Segment Start: Data records

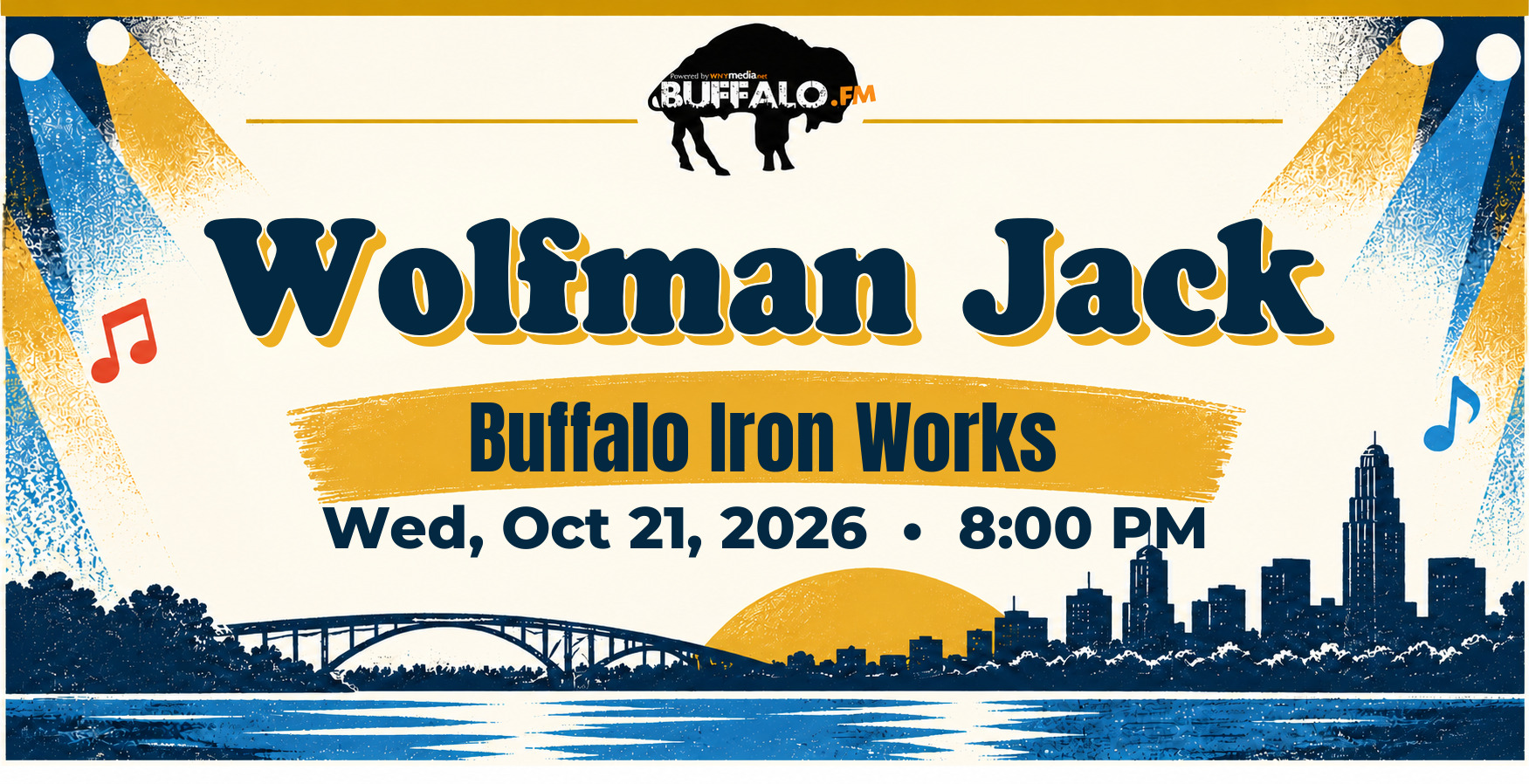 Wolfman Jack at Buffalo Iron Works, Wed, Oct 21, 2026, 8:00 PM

Segment End: Data records
Segment Start: Data records

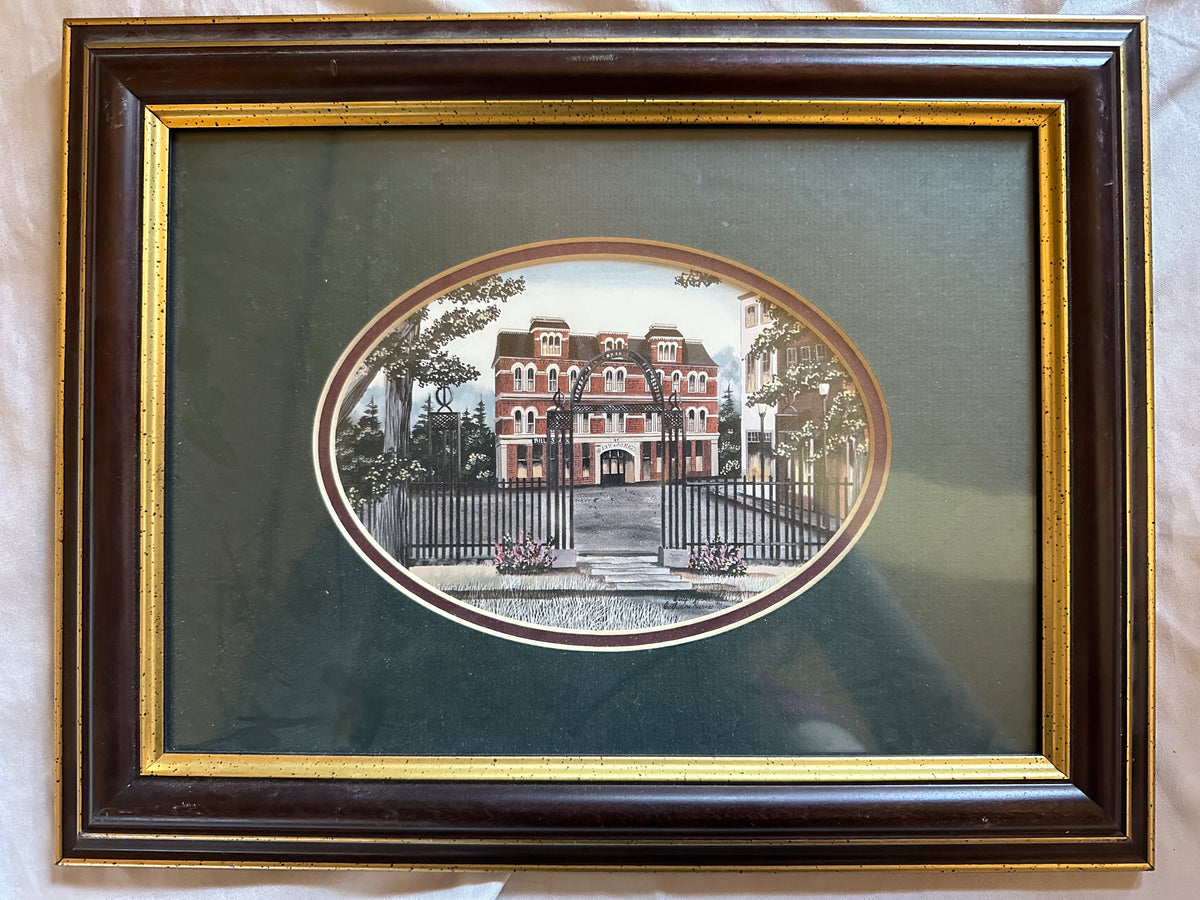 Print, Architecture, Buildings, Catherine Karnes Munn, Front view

Segment End: Data records
Segment Start: Data records

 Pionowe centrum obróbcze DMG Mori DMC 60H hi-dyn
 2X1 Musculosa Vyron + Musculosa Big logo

Segment End: Data records

## Work task:
Repeat word for word the lines above that run from the line containing "Pionowe centrum obróbcze" through the line containing "2X1 Musculosa Vyron + Musculosa Big logo", both ends included, and nothing else.

## Exercise answer:
 Pionowe centrum obróbcze DMG Mori DMC 60H hi-dyn
 2X1 Musculosa Vyron + Musculosa Big logo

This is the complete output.